To do:
Please copy each line below that contains the word "Slit".

Data for this task:

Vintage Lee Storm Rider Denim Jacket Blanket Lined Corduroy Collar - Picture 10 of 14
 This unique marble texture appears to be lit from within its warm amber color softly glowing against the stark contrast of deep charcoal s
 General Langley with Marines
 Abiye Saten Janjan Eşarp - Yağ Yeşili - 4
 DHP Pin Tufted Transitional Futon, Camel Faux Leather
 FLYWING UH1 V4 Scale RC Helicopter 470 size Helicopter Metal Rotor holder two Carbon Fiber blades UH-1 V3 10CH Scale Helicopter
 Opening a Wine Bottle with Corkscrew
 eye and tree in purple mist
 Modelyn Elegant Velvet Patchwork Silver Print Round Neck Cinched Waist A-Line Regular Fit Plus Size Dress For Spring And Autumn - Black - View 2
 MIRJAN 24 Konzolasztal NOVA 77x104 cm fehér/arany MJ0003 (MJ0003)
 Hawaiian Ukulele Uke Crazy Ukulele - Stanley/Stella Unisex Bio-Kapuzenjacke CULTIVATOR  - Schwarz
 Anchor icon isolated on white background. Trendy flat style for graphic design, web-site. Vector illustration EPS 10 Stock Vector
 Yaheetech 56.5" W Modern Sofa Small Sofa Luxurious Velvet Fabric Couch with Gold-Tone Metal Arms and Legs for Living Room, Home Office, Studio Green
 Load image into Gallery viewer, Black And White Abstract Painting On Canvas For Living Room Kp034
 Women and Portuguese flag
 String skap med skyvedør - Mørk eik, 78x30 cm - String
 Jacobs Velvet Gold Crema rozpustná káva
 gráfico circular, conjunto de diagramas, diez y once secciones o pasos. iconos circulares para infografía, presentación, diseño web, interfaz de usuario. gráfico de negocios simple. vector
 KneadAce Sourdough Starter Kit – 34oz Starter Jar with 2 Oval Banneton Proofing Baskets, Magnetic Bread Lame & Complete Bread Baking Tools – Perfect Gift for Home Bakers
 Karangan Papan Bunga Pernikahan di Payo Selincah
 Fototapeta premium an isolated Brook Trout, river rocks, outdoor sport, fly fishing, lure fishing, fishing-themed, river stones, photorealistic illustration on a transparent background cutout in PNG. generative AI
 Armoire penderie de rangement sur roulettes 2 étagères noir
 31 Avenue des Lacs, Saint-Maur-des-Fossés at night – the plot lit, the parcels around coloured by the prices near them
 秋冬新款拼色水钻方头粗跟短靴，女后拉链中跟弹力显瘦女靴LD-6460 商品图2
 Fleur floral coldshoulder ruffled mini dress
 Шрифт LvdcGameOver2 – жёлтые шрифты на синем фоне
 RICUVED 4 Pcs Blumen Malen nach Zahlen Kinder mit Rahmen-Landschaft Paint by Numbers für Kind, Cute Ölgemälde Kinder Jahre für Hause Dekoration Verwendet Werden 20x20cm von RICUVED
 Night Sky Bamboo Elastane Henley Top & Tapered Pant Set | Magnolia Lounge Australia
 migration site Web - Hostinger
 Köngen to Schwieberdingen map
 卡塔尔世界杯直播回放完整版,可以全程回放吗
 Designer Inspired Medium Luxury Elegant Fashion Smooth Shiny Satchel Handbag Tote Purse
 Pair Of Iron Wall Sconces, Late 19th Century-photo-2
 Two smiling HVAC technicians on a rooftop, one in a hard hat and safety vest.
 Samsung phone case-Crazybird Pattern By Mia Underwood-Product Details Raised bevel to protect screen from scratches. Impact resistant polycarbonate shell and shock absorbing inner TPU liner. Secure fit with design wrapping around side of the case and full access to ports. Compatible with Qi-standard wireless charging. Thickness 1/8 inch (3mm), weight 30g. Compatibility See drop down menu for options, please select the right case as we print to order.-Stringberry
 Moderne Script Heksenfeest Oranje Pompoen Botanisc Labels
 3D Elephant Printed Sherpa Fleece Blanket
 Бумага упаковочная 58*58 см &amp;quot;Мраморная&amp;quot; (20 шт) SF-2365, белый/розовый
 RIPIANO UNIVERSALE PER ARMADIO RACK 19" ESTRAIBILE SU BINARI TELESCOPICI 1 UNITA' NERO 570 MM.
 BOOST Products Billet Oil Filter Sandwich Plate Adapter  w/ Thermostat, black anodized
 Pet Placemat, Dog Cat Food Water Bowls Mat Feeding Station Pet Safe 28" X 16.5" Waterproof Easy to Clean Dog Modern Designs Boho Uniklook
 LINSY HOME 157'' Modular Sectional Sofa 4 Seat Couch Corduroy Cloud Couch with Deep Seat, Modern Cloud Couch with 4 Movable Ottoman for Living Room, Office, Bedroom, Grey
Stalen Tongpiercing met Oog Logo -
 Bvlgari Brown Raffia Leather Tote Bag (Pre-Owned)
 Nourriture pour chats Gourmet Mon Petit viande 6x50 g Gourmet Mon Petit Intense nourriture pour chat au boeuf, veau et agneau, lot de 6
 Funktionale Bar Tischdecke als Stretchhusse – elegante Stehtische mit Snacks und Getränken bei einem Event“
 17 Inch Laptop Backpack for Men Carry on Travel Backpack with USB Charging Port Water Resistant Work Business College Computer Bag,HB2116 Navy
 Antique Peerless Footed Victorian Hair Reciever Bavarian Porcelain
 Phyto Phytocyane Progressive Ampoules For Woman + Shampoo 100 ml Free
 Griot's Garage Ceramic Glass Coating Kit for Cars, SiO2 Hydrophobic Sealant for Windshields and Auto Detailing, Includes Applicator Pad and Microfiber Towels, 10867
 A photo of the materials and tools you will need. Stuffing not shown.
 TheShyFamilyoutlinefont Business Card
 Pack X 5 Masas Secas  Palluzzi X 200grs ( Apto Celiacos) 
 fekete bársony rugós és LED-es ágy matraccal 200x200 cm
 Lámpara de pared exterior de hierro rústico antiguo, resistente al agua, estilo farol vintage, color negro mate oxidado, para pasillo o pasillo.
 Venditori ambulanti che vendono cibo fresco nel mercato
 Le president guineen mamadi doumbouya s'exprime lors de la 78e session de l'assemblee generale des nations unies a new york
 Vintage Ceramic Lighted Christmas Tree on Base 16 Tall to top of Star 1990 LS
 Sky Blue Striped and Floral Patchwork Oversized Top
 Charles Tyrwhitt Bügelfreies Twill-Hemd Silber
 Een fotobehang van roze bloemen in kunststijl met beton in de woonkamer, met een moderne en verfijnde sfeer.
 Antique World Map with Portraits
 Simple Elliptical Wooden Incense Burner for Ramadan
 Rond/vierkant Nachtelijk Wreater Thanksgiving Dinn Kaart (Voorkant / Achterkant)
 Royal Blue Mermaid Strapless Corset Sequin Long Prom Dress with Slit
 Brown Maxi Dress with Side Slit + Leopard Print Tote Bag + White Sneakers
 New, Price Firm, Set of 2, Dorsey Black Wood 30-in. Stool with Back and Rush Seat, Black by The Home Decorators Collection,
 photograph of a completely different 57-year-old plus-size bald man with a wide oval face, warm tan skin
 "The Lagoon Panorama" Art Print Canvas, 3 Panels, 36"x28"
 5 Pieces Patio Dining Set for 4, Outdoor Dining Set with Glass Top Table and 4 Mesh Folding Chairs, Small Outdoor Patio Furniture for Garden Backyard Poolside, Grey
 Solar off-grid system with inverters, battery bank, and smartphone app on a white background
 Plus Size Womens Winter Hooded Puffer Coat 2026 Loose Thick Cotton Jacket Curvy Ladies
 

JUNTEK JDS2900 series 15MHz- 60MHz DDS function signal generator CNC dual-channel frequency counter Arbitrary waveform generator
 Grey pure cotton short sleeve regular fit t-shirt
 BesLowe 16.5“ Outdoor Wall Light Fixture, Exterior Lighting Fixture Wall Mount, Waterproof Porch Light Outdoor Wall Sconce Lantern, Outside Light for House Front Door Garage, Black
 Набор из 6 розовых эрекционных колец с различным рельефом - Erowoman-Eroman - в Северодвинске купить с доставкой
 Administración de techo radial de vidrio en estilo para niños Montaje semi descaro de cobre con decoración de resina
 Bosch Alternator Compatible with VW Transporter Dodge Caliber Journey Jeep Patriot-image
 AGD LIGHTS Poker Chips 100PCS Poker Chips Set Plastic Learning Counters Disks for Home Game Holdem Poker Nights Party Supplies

Answer section:
 Royal Blue Mermaid Strapless Corset Sequin Long Prom Dress with Slit
 Brown Maxi Dress with Side Slit + Leopard Print Tote Bag + White Sneakers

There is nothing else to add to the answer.